Remembering Hermann Ebbinghaus
Read this shopping list, and then cover it with your hand:
Bread
Milk
Oranges
Peanut Butter
Yogurt
Pickles
Turkey
Folders
Tissue
Gum
Milk
Oranges
Peanut Butter
Yogurt
Pickles
Turkey
Folders
Tissue
Gum
Now, how many of the items can you remember without peeking? Give yourself a moment to recall as many of them as you can.
(We’ll wait.)
If you left out an item (or several), chances are good it
wasn’t the bread or the gum, but rather something in the middle. And if that’s
the case, congratulations, you have something in common with 19th
century psychologist and memory pioneer Hermann Ebbinghaus.
At the time, the prevailing thought held that memory was
impossible to study in any scientific fashion; it was simply too nebulous, too
mysterious. Ebbinghaus disagreed. But since every single mind is different, how
in the world would he eliminate confounding variables? His imperfect yet deeply
elegant solution: to study only a single experimental subject—himself.
To collect his data, Ebbinghaus tested his own ability to
memorize “nonsense syllables”, three-letter sequences which were technically pronounceable,
but carefully chosen to convey no special meaning.
What he found resonates today.
For instance, have you ever wondered who first discovered
the learning curve? (It’s not just an expression but a real, observed
scientific concept: averaged over many trials, when you chart proficiency at a
task against experience, the result is a rising curve, which then levels out.) The
term doesn’t come from Ebbinghaus, but the careful graphs charting his progress
were probably the first to clearly illustrate this phenomenon.

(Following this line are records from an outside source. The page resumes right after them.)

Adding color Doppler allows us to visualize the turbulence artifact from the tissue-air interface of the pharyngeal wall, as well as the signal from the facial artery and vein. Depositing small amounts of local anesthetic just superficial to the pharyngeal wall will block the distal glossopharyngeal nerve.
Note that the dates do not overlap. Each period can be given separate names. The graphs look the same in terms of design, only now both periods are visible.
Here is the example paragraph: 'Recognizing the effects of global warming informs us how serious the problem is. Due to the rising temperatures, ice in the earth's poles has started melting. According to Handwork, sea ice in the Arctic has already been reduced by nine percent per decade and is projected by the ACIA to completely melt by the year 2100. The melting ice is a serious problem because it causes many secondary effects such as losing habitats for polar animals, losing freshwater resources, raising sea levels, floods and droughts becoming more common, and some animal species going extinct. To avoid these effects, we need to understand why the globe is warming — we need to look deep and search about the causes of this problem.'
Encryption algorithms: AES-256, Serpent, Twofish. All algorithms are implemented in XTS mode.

Ebbinghaus also brought us the slightly less memorable “forgetting
curve,” which holds that we tend to lose recently-acquired information in a
sort of exponential pattern—at first discarding great swaths of information
which gradually levels out into a modest yet steady amount retained.
And finally, he also observed the serial positioning effect,
aka the reason you likely remembered bread and gum but maybe tripped up over
the yogurt or pickles. Basically, he
found that when trying to recall items on a list, accuracy overall is largely a
function of that item’s place within the list.

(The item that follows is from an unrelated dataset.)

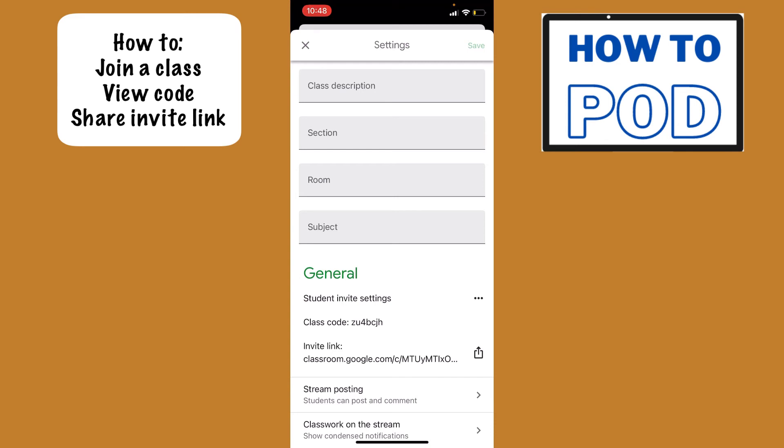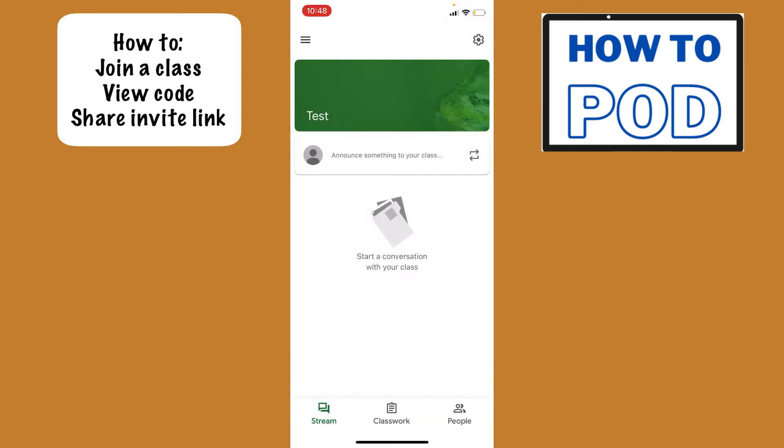The other thing that you can do is you'll see this little invite link right below the class code. If you just tap that little share button, you can send it through email or through text message, and anybody with that link will be able to join your class.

When attempting to remember his strings of nonsense words
later, Ebbinghaus found he tended to lead with the beginning of the series and
then secondly go for the end, while the middle of the sequence was most
likely to be neglected by his memory. One theory suggests this is because by
the conclusion of the list, we’ve had time to commit Item One to long-term memory, while
that final item is still the freshest in our short-term memory.
While clearly, there are some issues with only studying a lone
test subject, let alone choosing yourself, Ebbinghaus’s learning curve,
forgetting curve, and serial positioning effect still hold true, whether you’re
trying to recall nonsense syllables, that movie you saw last week, a
conversation you had three days ago, or yes, even a grocery list.
It’s just something to keep in mind—if you can.